According to Article 26 of the Universal Declaration of Human Rights, everyone has the right to a free basic education. If all human beings have this right, it seems that many people, in poor parts of the world and wealthier ones too, are not getting what they deserve. When the Declaration was proclaimed by the General Assembly of the United Nations in 1948, it was reasonable to believe that the goal of a free basic education for all could be reached before long. This has not happened, however. In fact, it seems that the worldwide level of education has recently been declining. In poor countries, many millions of children do not even go to primary school. In wealthier countries, the dropout rate among high school students has been increasing and university education is becoming less and less affordable. Moreover, there is evidence that everywhere, the quality of education is now declining.
The causes of these anti-educational trends are complex. It is clear, however, that one factor is the ever-increasing commercialization of society. Many areas of life—including education—which until recently were thought of as being social responsibilities have come to regulated according to business principles even if they are still publicly owned.

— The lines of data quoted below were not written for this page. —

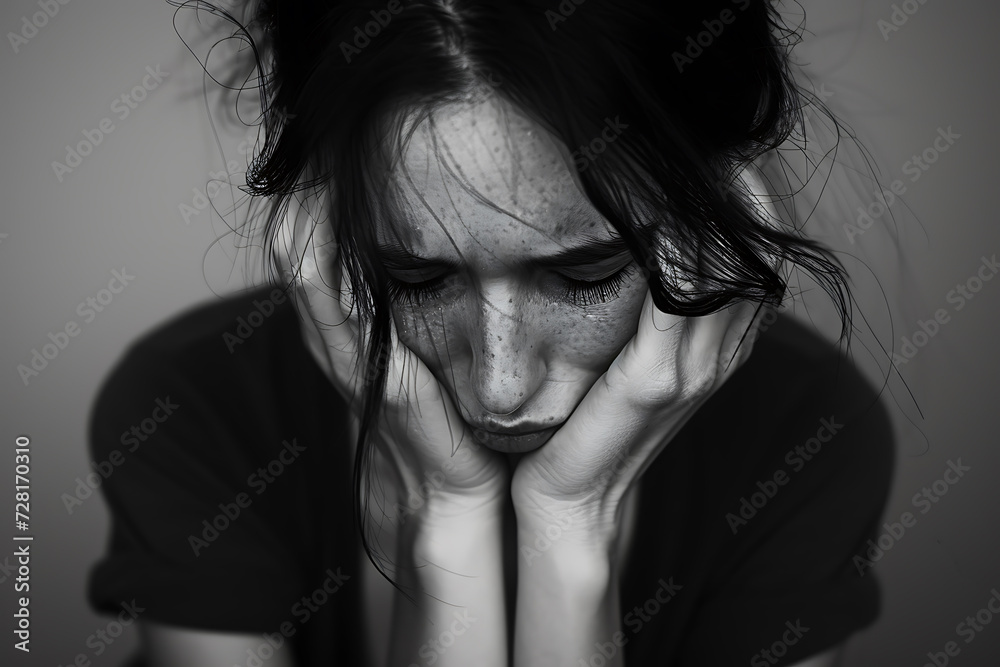 Sad depressed desperate grieving crying young woman Sad depressed desperate grieving crying young woman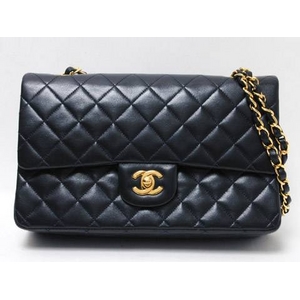 【現品限り】CHANEL（シャネル） マトラッセ Wチェーン定番ショルダー25 ネイビー ゴールド金具 【中古A】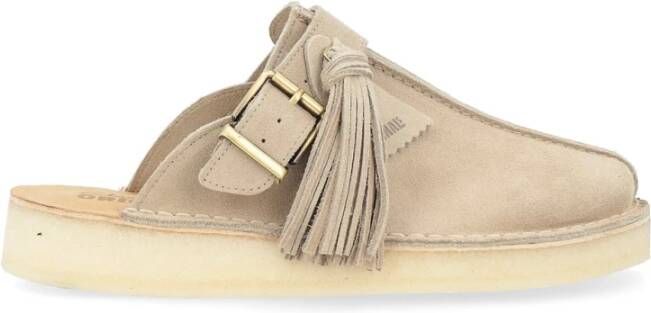 Clarks Suede Trek Mule Sand Flats Beige Dames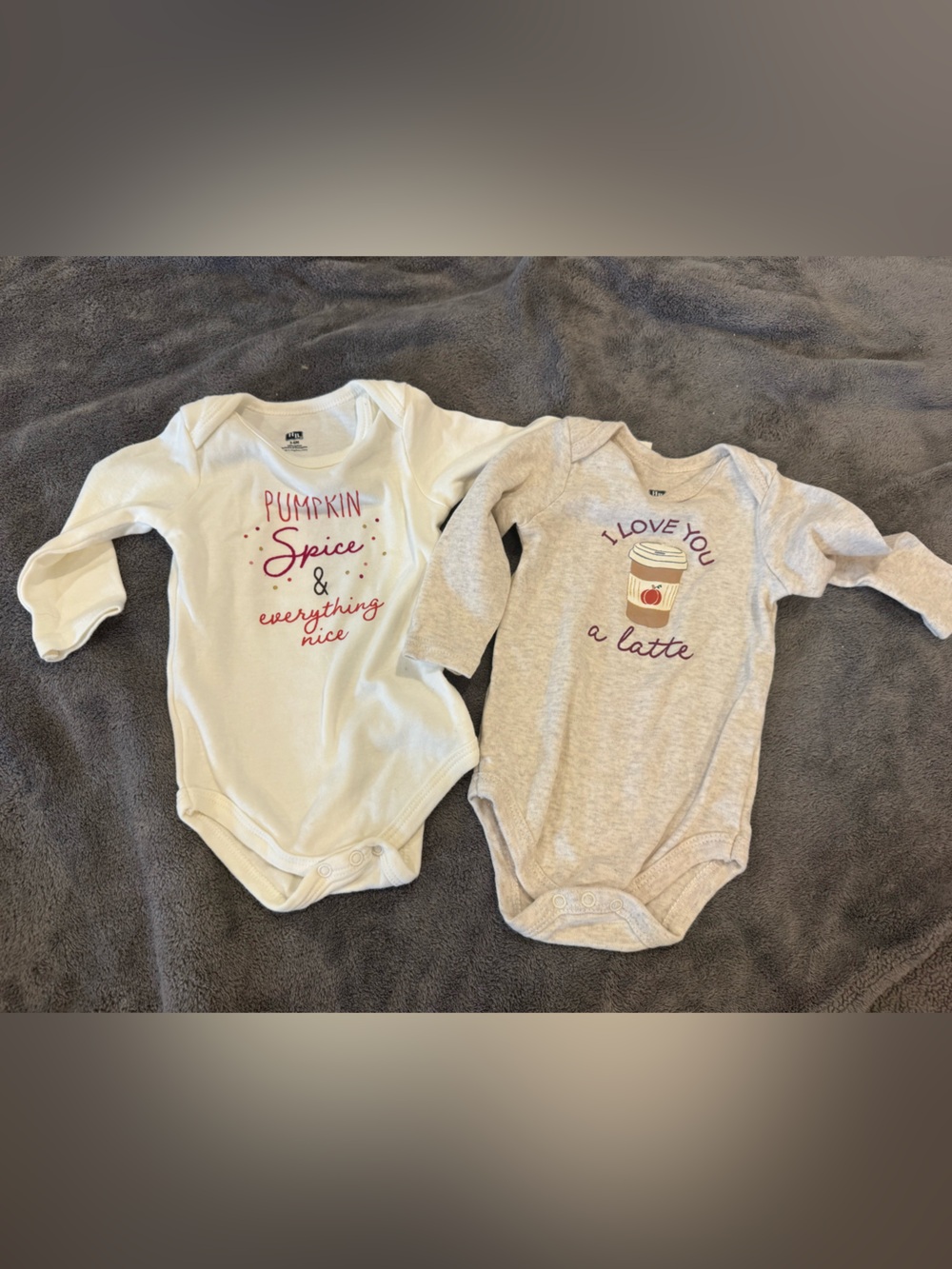 Cute Baby Long-Sleeve Onesies - Fall Themed Pumpkin Spice & Latte Designs
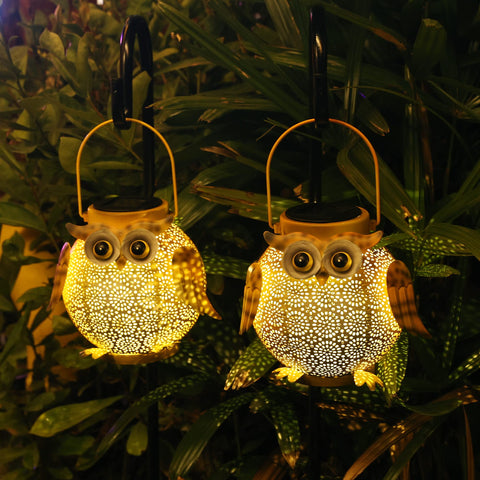 Garden Hanging Solar Owl Lanterns With Waterproof Metal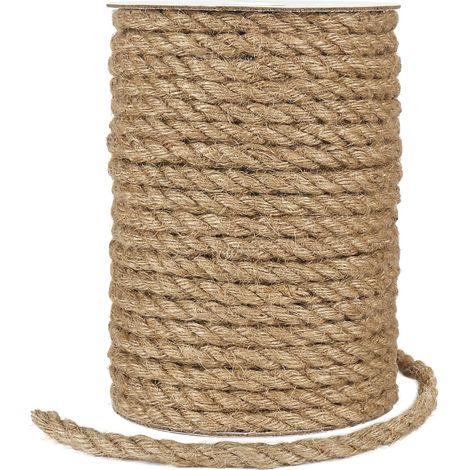 Corde jute naturelle 8 mm - 20 m torsadée - Ficelle polyvalente bricolage, jardinage, décoration, artisanat, ligature (1/5)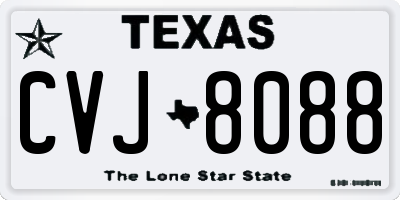 TX license plate CVJ8088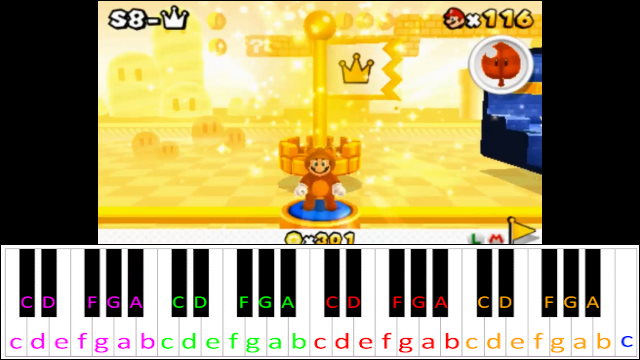 Special 8 Map / World (Crown) - Super Mario 3D Land Piano / Keyboard Easy Letter Notes for Beginners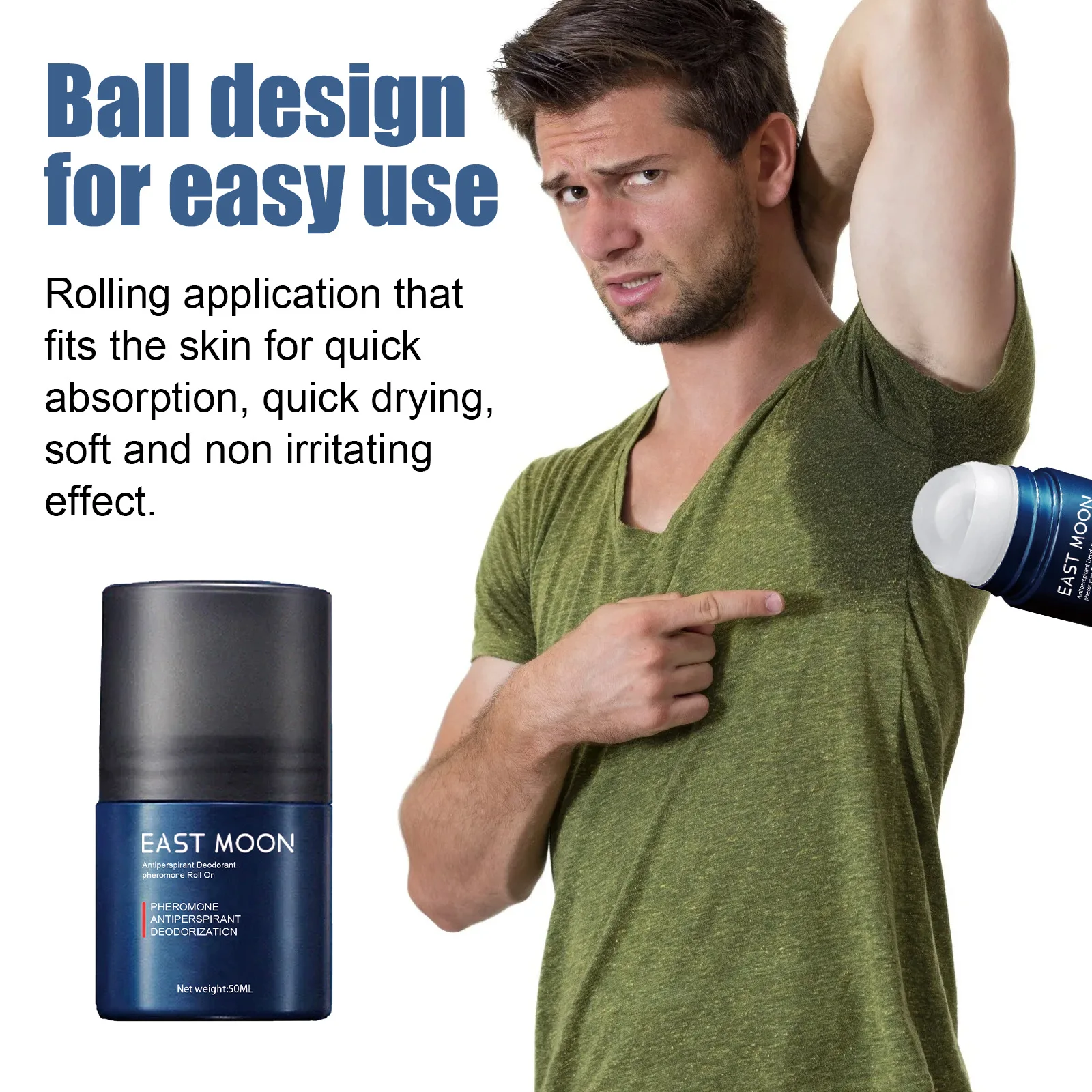 Deodorant Stick Antiperspirant Roll-On for Men Odor Remover Anti Excessive Sweat Prevent Bad Smell Refreshing Lasting Fragrance Deodorizing Stick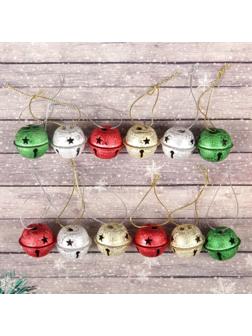 Бубенчики, набор 12 шт., размер 1 шт: 3×3 см, цвет серебряный, золотой, красный, зелёный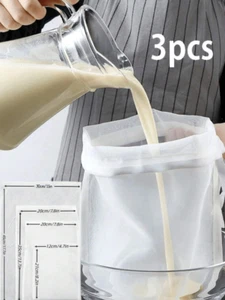 3pcs Reusable Nut Milk Filter Bags โ Fine Mesh for Soy Milk & Cold Brew-NEW - Picture 1 of 12
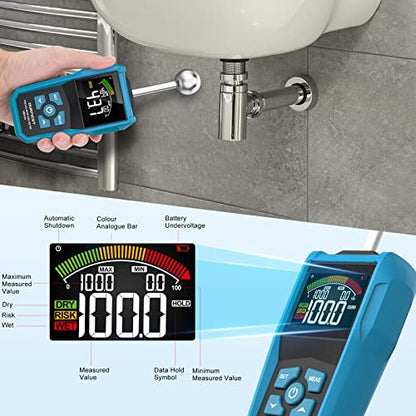 Wood Moisture Meter, DURFICST Pinless Moisture Meter with Colour LCD Display and Audible Alarm, Moisture Reader for All Building Materials, Wood, Wall, Plaster, Masonry… - color: Blue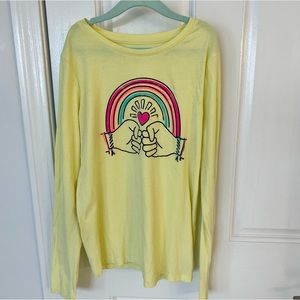 Gap Kids Yellow Shirt with Rainbow Design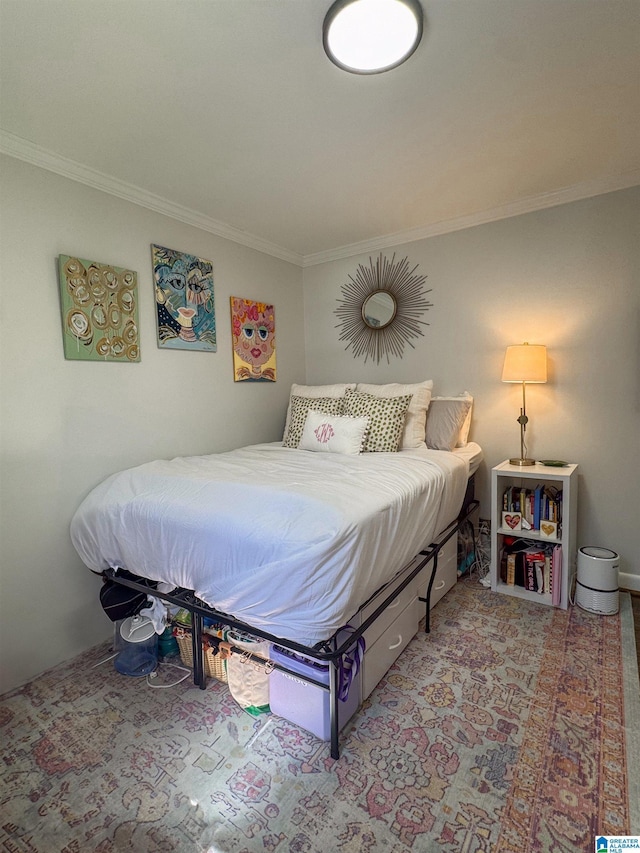 carpeted bedroom with ornamental molding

Commercialization is anti-educational in two major ways. In the first place, it is responsible for the ever-rising expense of education. If all educational institutions must operate as efficiently as possible out of concern for their balance sheets, many people will be excluded from the system. In the second place, the quality of education suffers as the result of commercialization: many who do enter the system will still not be well educated when they leave. Quality naturally declines in a commercialized educational system because its central concern is to create a “product” that is as attractive as possible to potential “customers,” and so, when the system is commercialized, its content quickly becomes commercial too. Curricula and instructional materials come to be geared to entertaining and reassurring rather than to instruction and skill development.
One website cannot, of course, defeat the powerful forces that drive the “ESL industry,” but it can make a small gesture of resistance, and perhaps at the same time it can offer a useful service to some teachers and students.